**Assignment:**
Return the data below exactly, minus the pictures.

**Supplied records:**
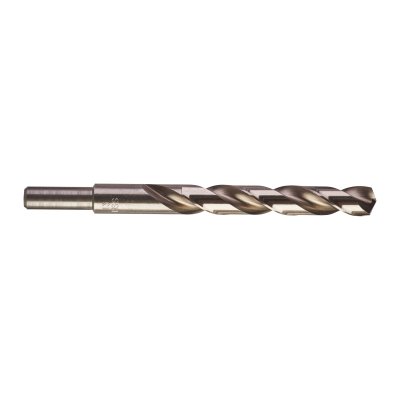 Metallbohrer HSS-G THUNDERWEB DIN 338   5er Pack 13,0 x 151 mm, HSS-G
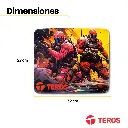 mousepad-teros-te-3019s-32x27cm.webp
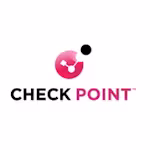 Check Point Software Technologies, Ltd.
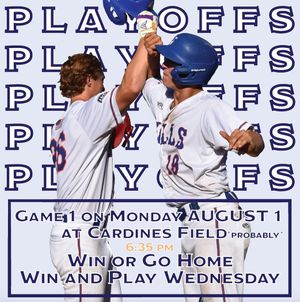 Image post by @newportgulls on Instagram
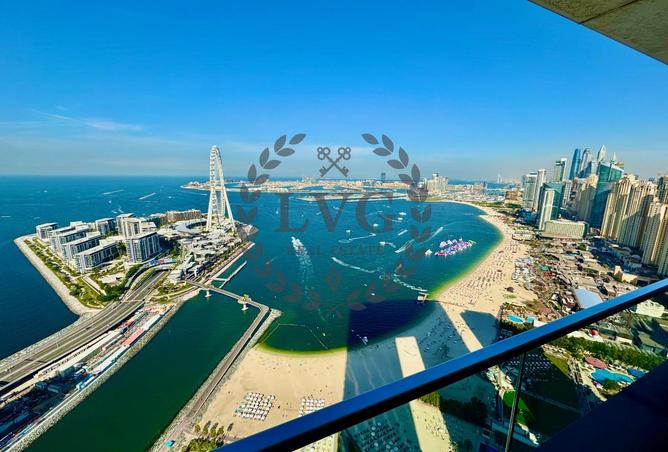 15924807 - الصورة الرئيسية للعقار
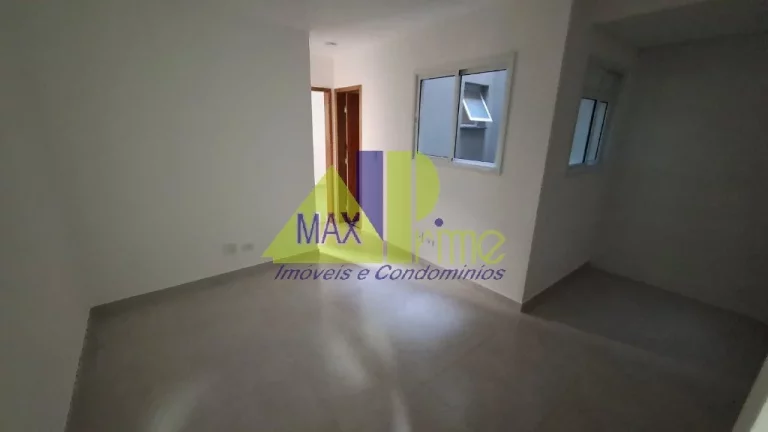 Imagem Apartamento à venda em São Paulo-SP, Cidade Patriarca: 2 quartos, 1 sala, 1 banheiro, 41,85 m² de área! poucos metros do metro patriarca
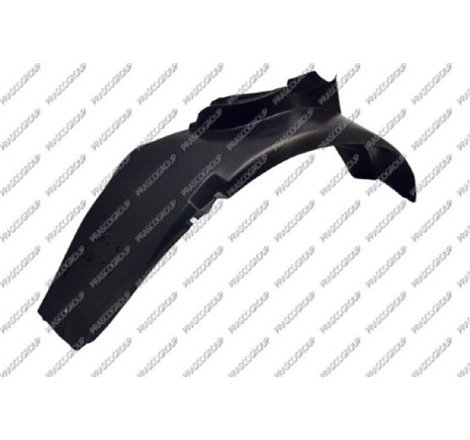 Aripa interioara - Prasco-AA3403604 - Prasco-AA3403604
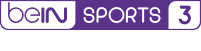 channel logo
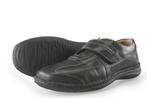 Josef Seibel Loafers in maat 48 Zwart | 5% extra korting, Kleding | Heren, Schoenen, Loafers, Zwart, Gedragen, Josef Seibel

**Exercise output:**
 Metallbohrer HSS-G THUNDERWEB DIN 338   5er Pack 13,0 x 151 mm, HSS-G
 mousepad-teros-te-3019s-32x27cm.webp
 Check Point Software Technologies, Ltd.
 Image post by @newportgulls on Instagram
 15924807 - الصورة الرئيسية للعقار
 Imagem Apartamento à venda em São Paulo-SP, Cidade Patriarca: 2 quartos, 1 sala, 1 banheiro, 41,85 m² de área! poucos metros do metro patriarca
 Aripa interioara - Prasco-AA3403604 - Prasco-AA3403604
 channel logo
 Josef Seibel Loafers in maat 48 Zwart | 5% extra korting, Kleding | Heren, Schoenen, Loafers, Zwart, Gedragen, Josef Seibel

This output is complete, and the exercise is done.